Stage 2: Cleaning up each package
Once all packages have been moved, we can start with:
- looking at improving the grouping of files within a package. This should only result in files moving and import statements being updated. As we have separated out the public interface, this does not affect other packages. This should once again be a commit that is added to the
.git-blame-ignore-revs
. - Separating out the tests from the source code (if relevant)
- Removing old files (e.g. leftover pdf files or similar).
- Cleaning up the
CMakeLists.txt
. - Adding a (very) brief description to the README
Again, this is done on a per-package basis and not all at once.

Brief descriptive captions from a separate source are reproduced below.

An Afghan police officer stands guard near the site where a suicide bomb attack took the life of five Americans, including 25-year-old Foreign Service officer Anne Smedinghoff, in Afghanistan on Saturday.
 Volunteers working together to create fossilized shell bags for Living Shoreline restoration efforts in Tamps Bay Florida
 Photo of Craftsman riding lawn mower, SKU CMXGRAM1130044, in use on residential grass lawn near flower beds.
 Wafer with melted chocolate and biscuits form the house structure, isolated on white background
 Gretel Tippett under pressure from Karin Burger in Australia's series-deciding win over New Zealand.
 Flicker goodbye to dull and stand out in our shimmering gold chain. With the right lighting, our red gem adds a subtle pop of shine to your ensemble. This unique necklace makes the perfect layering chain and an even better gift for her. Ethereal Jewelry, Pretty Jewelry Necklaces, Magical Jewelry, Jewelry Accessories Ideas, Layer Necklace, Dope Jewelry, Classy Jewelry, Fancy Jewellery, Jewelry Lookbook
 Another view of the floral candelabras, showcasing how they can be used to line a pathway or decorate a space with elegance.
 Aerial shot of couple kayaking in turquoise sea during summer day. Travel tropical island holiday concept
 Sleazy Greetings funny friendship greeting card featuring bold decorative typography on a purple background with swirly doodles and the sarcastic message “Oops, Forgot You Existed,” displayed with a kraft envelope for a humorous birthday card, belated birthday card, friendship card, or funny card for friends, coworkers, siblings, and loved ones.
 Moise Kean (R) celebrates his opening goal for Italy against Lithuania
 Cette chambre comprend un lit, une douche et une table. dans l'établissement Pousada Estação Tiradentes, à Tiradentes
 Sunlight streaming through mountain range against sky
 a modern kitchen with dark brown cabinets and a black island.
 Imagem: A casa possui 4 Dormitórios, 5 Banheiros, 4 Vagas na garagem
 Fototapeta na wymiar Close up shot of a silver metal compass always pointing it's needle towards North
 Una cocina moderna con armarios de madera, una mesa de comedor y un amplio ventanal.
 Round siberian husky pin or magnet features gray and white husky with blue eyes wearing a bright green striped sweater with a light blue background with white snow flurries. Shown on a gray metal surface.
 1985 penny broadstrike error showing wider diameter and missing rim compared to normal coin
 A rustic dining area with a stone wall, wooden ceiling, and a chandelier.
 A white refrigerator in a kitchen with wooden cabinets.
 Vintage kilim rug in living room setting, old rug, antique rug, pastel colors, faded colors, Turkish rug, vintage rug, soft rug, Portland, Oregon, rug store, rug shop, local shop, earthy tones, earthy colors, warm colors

Stage 3: Improve dependencies
At this point, we should have a look at the public interface of each package and see whether it is what we want it to be. Does a package have more dependencies than it needs? Is there a way that we can simplify things? This last stage is rather open, but at least it is now easier to do a proper review of the dependencies and add this to the documentation.
Conclusion
All in all, I think this is an important step to make for the long-term health of the project. I know I have been proposing quite a few refactorings lately, but things such as this can make a significant positive long-term impact for (comparatively) little effort. I can take the lead on this, as this is also a nice way to get more familiar with all the components in the project, making me a more efficient dev in the future : )
Thank you for reading my manifesto.
Further suggestions and criticisms are of course welcome.